= How to complete this task =
Nothing outside the range below should be printed. Output exactly the lines from the line with "Robot araña de" to the line with "KunHe Tactical Flashlight, 3D", both included.

= Information =
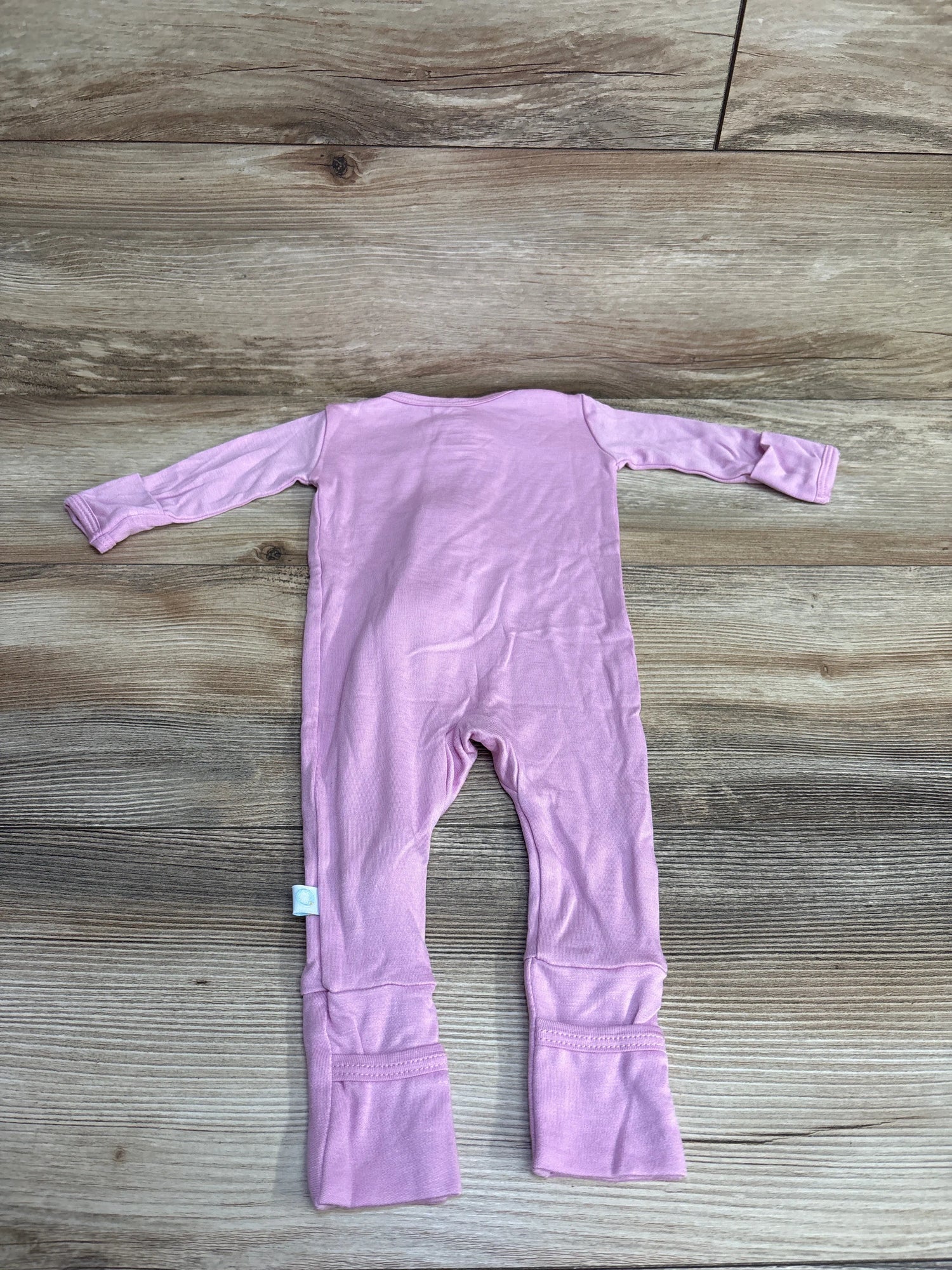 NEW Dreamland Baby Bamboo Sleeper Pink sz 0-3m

...

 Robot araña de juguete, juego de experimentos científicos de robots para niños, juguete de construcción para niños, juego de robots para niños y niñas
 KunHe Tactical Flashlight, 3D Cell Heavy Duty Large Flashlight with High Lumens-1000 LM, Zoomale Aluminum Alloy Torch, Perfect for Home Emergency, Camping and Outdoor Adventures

==

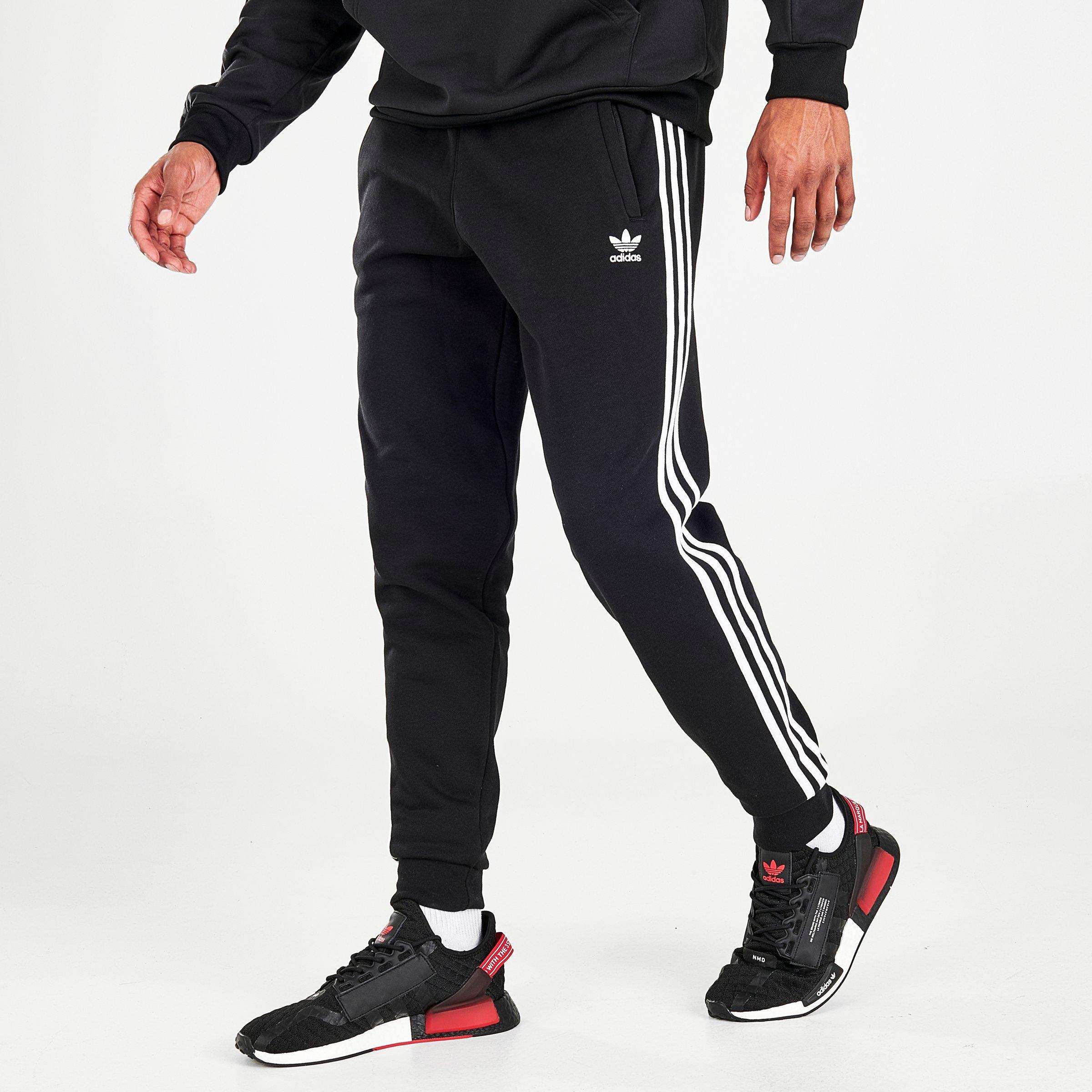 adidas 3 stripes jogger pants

= Your solution =
 Robot araña de juguete, juego de experimentos científicos de robots para niños, juguete de construcción para niños, juego de robots para niños y niñas
 KunHe Tactical Flashlight, 3D Cell Heavy Duty Large Flashlight with High Lumens-1000 LM, Zoomale Aluminum Alloy Torch, Perfect for Home Emergency, Camping and Outdoor Adventures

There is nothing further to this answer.